On 20.12.2010 02:43, Johan Corveleyn wrote:
> On Wed, Dec 15, 2010 at 10:58 AM, Stefan Fuhrmann<eqfox_at_web.de> wrote:
>> On 15.12.2010 02:30, Stefan Fuhrmann wrote:
>>> On 14.12.2010 23:35, Johan Corveleyn wrote:
>>>
>>>> Thoughts?
>>> Two things you might try:
>>> * introduce a local variable for afile[i]

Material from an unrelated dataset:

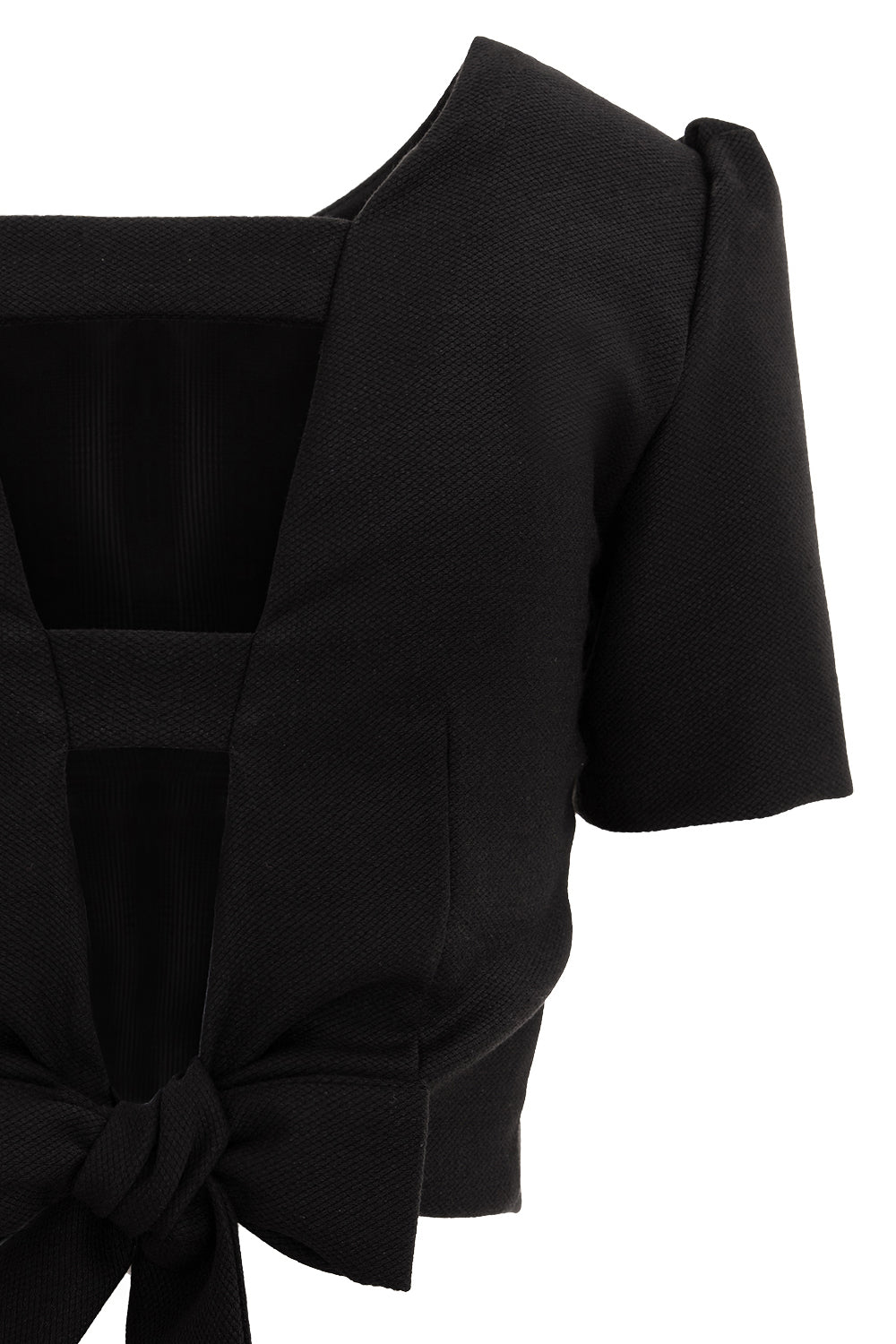 Wool Cropped Blouse With Back V Cut - Black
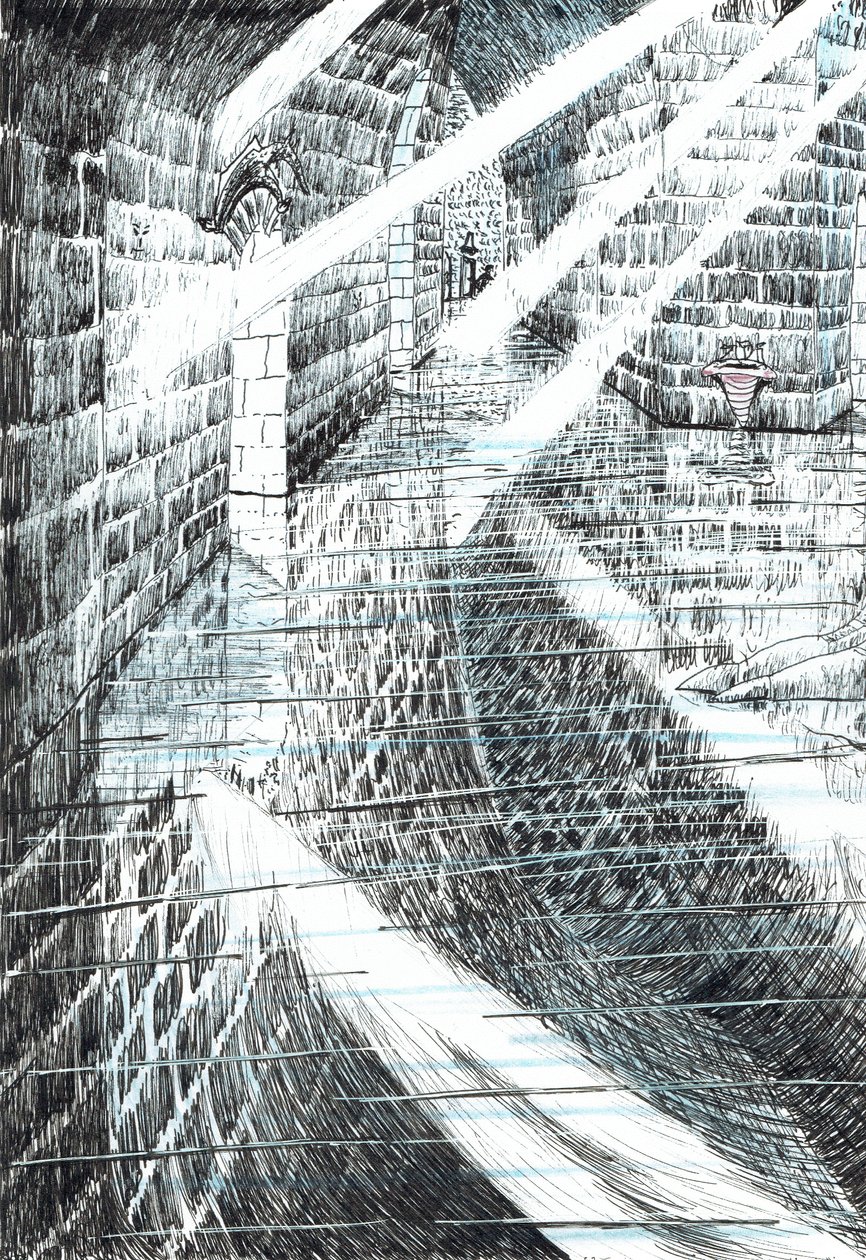 sivu 25, Linna Findhornin metsässä, 2006, (muste paperille) tekijältä Vincent Alexander Booth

>>> * replace the for() loop with two nested ones, keeping
>>> calls to other functions out of the hot spot:
>>>
>>> for (i=0; i< file_len;)
>> That should read:
>> for (i=0; i< file_len; i++)
>>> {
>>> /* hot spot: */
>>> for(; i< file_len; i++)
>>> {
>>> curFile = afile[i];
>>> if (curFile->chunk==-1)
>>> curFile->chunk = 0;
>>> else if (curFile->curp != curFile->endp -1)
>>> curFile->curp++;
>>> else
>>> break;
>>> }
>>>
>>> if (i< file_len)
>>> {
>>> /* the complex, rarely used stuff goes here */
>>> }
>>> }
> Ok, I tried this, but it didn't really help. It's still only about as
> fast as before. While the macro version is about 10% faster (I made a
> cleaner macro version, only macro'ing the hotspot stuff, with a
> function call to the complex, rarely used stuff).
>
> For the inline version, I tried several variations (always with
> APR_INLINE in the function signature, and with local variable for
> file[i]): with or without the nested for loop, with or without the
> complex stuff factored out to a separate function, ... it made no
> difference.
>
> Maybe I'm still doing something wrong, keeping the compiler from
> inlining it (but I'm not really a compiler expert, maybe I have to add
> some compiler options or something, ...). OTOH, I now have a macro
> implementation which is quite readable (and which uses the do ...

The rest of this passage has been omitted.